This page describes my investigations and turns them into a few simple formulas that help indicate what resolutions, in relation to printing and capture (camera), are needed in various circumstances. I've been pleasantly surprised by how close the formulas match the general newsgroup recommendations.
I hope this information is found to be useful.
The Page Summary at the end of this page includes a form that automates all the calculations shown on this page.
How much resolution is enough? This is a common question in newsgroups. The answer is simple. It depends!
It depends on several things:
Your visual acuity (the quality of your eyesight)
The quality of light under which you view the subject (photo)
The distance at which you view the subject (photo)
Visual Acuity and Quality of Light
According to the 15th Edition of the Encyclopædia Britannica (1977):
The power of distinguishing detail is essentially the power to resolve two stimuli separated in space, so that, if a grating of black lines on a white background is moved farther and farther away from an observer, a point is reached when he will be unable to distinguish this stimulus pattern from a uniformly gray sheet of paper. The angle subtended at the eye by the spacing between the lines at the point where they are just resolvable is called the resolving power of the eye; the reciprocal of the angle, in minutes of arc, is called the visual acuity. Thus, a visual acuity of unity indicates a power of resolving detail subtending one minute of arc at the eye; a visual acuity of two indicates a resolution of one-half minute, or 30 seconds of arc. The visual acuity depends strongly on the illumination of the test target, ... thus, with a brightly illuminated target, with the surroundings equally brightly illuminated (the ideal condition), the visual acuity may be as high as two. When the illumination is reduced, the acuity falls so that, under ordinary conditions of daylight viewing, visual acuity is not much better than unity.

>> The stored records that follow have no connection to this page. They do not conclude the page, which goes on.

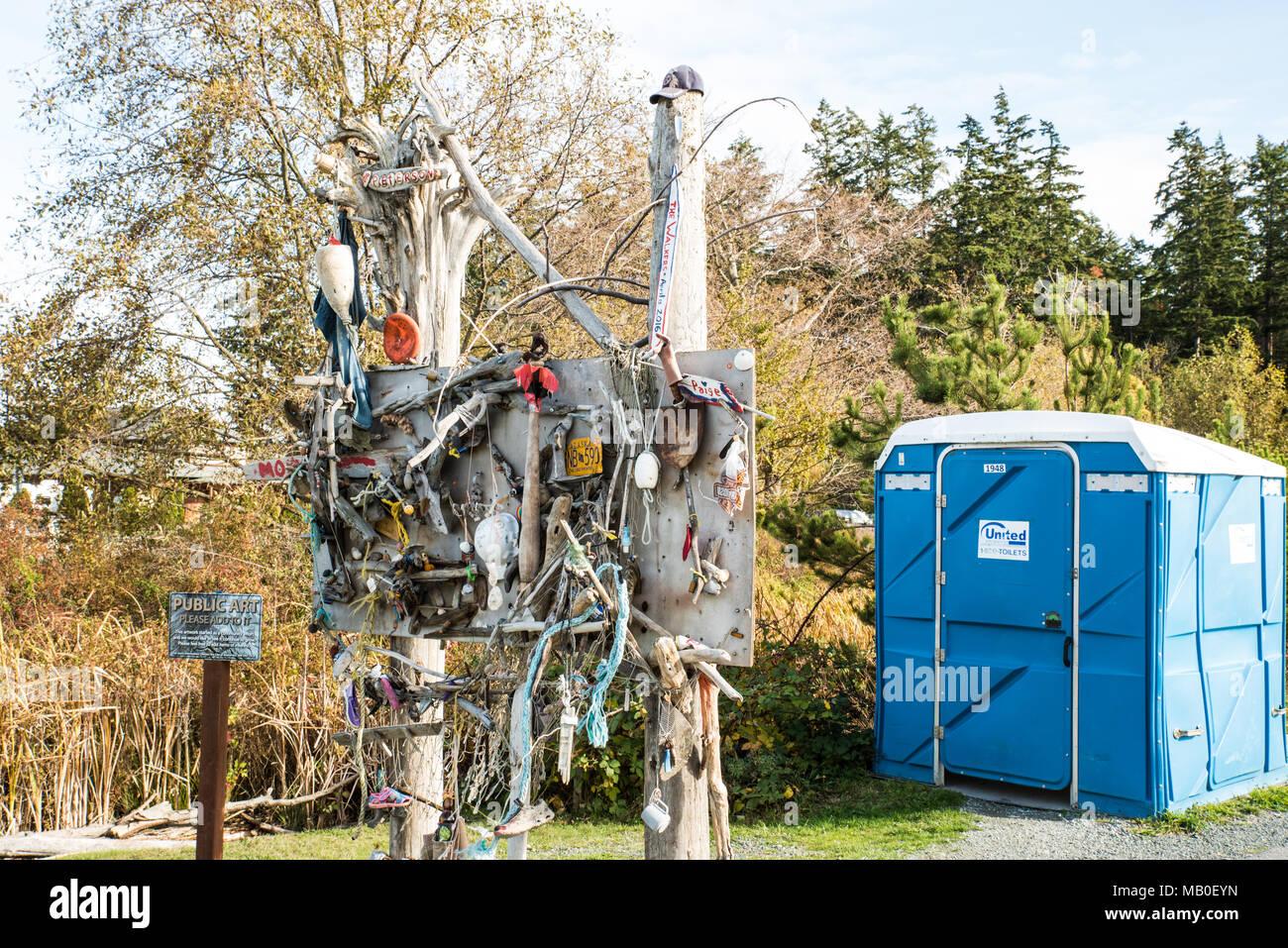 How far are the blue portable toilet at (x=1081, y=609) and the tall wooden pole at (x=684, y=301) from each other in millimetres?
3690

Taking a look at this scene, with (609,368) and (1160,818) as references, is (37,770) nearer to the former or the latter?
(609,368)

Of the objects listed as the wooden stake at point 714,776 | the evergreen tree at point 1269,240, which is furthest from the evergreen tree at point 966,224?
the wooden stake at point 714,776

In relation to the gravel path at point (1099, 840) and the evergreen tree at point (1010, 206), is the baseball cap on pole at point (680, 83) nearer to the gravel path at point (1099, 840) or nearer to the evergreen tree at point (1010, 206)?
the gravel path at point (1099, 840)

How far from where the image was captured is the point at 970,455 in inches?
294

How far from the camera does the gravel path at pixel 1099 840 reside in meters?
6.07

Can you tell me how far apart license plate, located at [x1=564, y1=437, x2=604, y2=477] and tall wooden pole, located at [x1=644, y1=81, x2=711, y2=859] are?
25.4 inches

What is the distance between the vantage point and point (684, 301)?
4.39 m

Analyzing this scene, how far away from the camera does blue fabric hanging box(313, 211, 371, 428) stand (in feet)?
15.2

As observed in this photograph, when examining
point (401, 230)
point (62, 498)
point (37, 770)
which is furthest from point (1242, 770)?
point (62, 498)

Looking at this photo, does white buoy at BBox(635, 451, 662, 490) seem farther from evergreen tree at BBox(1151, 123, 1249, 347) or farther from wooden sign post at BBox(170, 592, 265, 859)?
evergreen tree at BBox(1151, 123, 1249, 347)

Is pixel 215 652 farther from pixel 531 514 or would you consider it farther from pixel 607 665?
pixel 607 665

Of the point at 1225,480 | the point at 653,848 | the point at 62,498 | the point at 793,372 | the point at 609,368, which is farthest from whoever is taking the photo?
the point at 793,372

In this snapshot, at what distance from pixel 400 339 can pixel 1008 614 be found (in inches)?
191

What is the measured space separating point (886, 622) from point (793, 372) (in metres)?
6.39
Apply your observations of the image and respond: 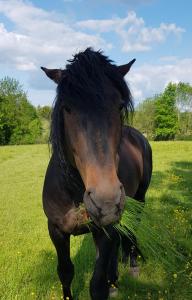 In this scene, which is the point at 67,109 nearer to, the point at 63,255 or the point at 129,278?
the point at 63,255

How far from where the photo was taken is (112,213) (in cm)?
273

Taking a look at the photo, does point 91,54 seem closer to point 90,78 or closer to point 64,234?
point 90,78

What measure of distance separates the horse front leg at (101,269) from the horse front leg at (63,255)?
445mm

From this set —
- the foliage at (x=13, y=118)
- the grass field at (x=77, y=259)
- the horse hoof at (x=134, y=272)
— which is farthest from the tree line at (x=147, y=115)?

- Macropædia, Volume 7, page 104.
The article goes on to relate the 30 seconds of arc to the diameter of the light-sensing cones and rods on the retina, establishing 30 seconds of arc (a visual acuity of 2) to be the absolute maximum resolution possible in the human visual system.
Distance to Subject
Clearly, as you view subjects from greater and greater distances, the level of detail you can see diminishes. The distance between the details is best measured by the angle between them as you view them. As they move further away, the angle diminishes, and thus the detail also diminishes.
The minimum angle between the details was established above, under Visual Acuity, as 30 seconds of arc under ideal conditions and one minute of arc under ordinary conditions.
The relationship between angle, distance and detail separation is given by the formula (see Math Forum: Ask Dr. Math FAQ: Circle Formulas):
c = 2 × d × tan( θ ÷ 2 )
where c (the chord length) is the detail separation distance, d (the distance to the chord midpoint) is the viewing distance, and θ (the angle in radians) is the visual acuity angle.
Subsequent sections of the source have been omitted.